Studenci z Uniwersytetu w Nowym Jorku kupili starą kanapę, płacąc za nią jedynie 20 dolarów. Była brzydka i trochę śmierdziała, ale pasowała do ich salonu.
Dwa tygodnie później Reese, Cally i Lara chcieli wspólnie obejrzeć film. Rozsiedli się na swoim nowym meblu i wtedy jedno z nich poczuło, że coś dziwnego znajduje się w poduszce. Okazało się, że schowano tam kopertę zawierającą 700 dolarów.
Studenci, nie namyślając zaczęli szukać dalej. Efekt poszukiwań całkowicie ich zaskoczył. Młodzi ludzie znaleźli kilka kolejnych kopert. W sumie, w starej, śmierdzącej kanapie znaleźli aż 40,000 dolarów! Kiedy zaczęli rozmyślać na co mogą przeznaczyć taką sumę, na jednej z kopert znaleźli imię i nazwisko kobiety.
Postanowili odszukać właścicielkę w książce telefonicznej. Udało się. Po kilku telefonach dotarli w końcu do byłej posiadaczki mebla, a co za tym idzie, również i pieniędzy.
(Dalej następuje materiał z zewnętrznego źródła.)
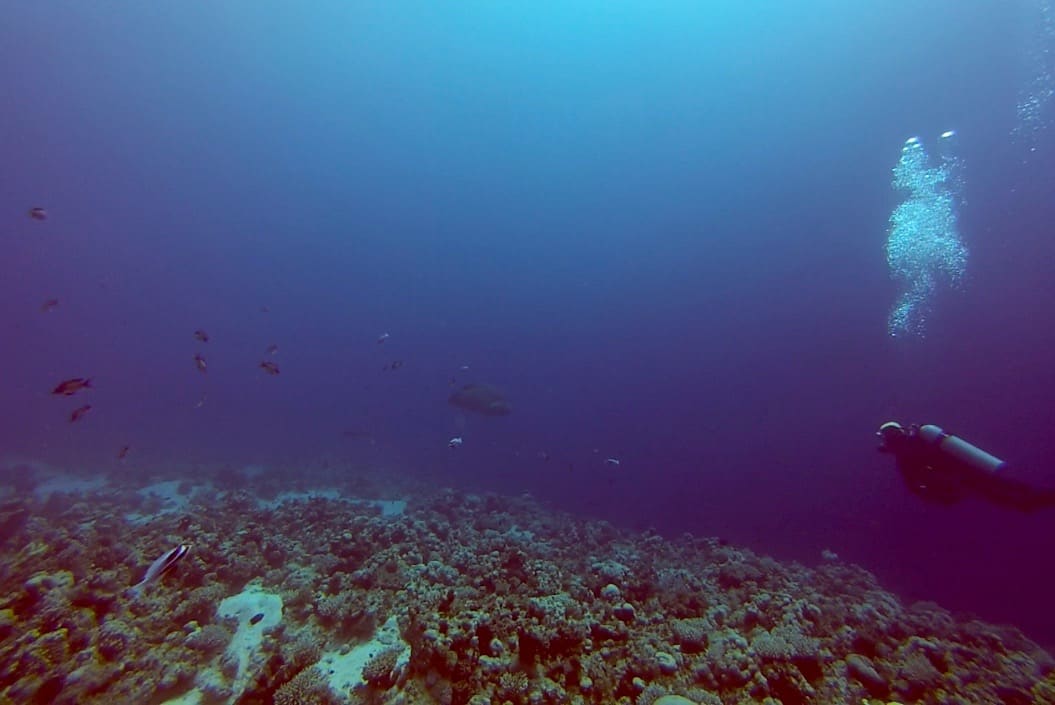 Dahab Diving 12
Kilka dni później wybrali się do pani, która powiedziała im, że przez 30 lat oszczędzała wraz z mężem pieniądze. Po śmierci małżonka, kobieta musiała przejść operację kręgosłupa i kilka tygodni spędziła w szpitalu. W czasie, gdy matki nie było w domu, córka postanowiła pozbyć się starej i zniszczonej kanapy na rzecz nowego, bardziej komfortowego mebla. Nie miała pojęcia, że w środku znajdowała się taka suma pieniędzy. W ramach nagrody, staruszka dała uczciwym studentom 1000 dolarów.